Rights Commission hails gov’t’s strides in reducing gender inequality

By Cynthia Mankeh

The Cameroon Human Rights Commission has commended the strides made by government so far in reducing existing gender inequality as well as efforts in promoting policies and plans for women’s adaptability to climate change.

The remarks of the rights commission are contained in a release which was issued by the President, Prof James Mouangue Kobila, on the occasion of the celebration of the 37th edition of the International Women’s Day. Harping on the theme, Prof Mouangue, noted that it was prompt and comes with the need to reduce all forms of discrimination against women and girls as well as strengthen measures aimed at achieving gender equality and women’s empowerment.

James Mouangue Kobila: President of Cameroon Human Rights Commission

The rights commission boss recalled the need to achieve sustainable future, which he added, includes tackling climate change and biodiversity loss in order to protect the ecosystem to preserve natural resources for future generations.He, through the statement, saluted government for instituting compulsory education for all and empowering women with the creation of organisations and associations to fight and defend their rights.

He also lauded government for accompanying rural women to use best agricultural practices as well as provide them with equal access to agro-pastoral projects through the Ministry of Agriculture and Rural Development (MINADER) as well as the funding of their projects.

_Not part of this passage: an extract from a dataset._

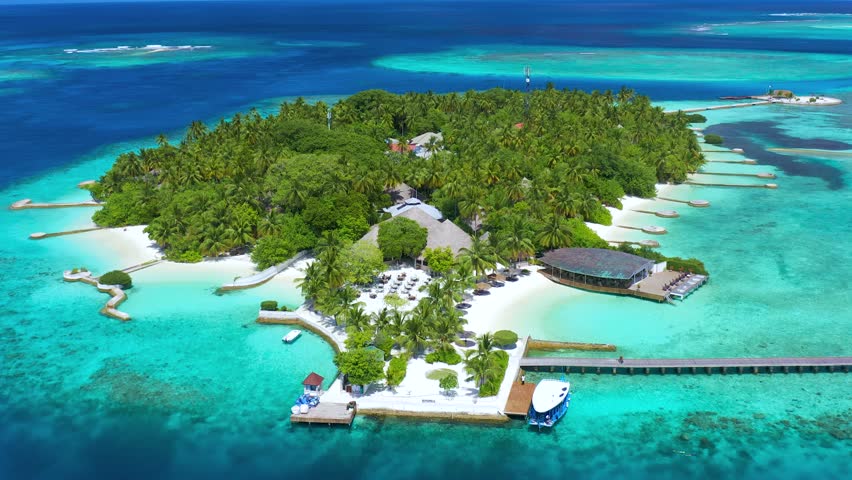Tropical island with watrer villas and coconut palm trees, blue lagoon, white sandy beach at Bora Bora island, Tahiti, French Polynesia. Aerial drone view. Royalty-Free Stock Footage #1097992257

The Human Rights Commission boss appreciated efforts of international and private actors including that of the United Nations agencies, Non-Governmental and Civil Society Organisations, that have accompanied and supported women to adapt to climate change by taking sustainable development initiatives in their local communities with the planting of trees, training in fields like agroforestry, fuel sources and climate monitoring.

“We want to recognise the fight women’s right defenders have been doing against discrimination in all its forms so that women are able to access and control natural resources, participate in decision making and undertaking actions to better mitigate the effects of climate change,” the statement which equally underscored the need for more investment in the education of girls and women, partly read.

“CSO’s should work in collaboration with the government concerning the problems faced by women, this by creating networks for better communication,” it added.It also talked of the need to support the development and implementation of climate resilient development plans and policies that could make indigenous population to master the impact of climate change on their resources.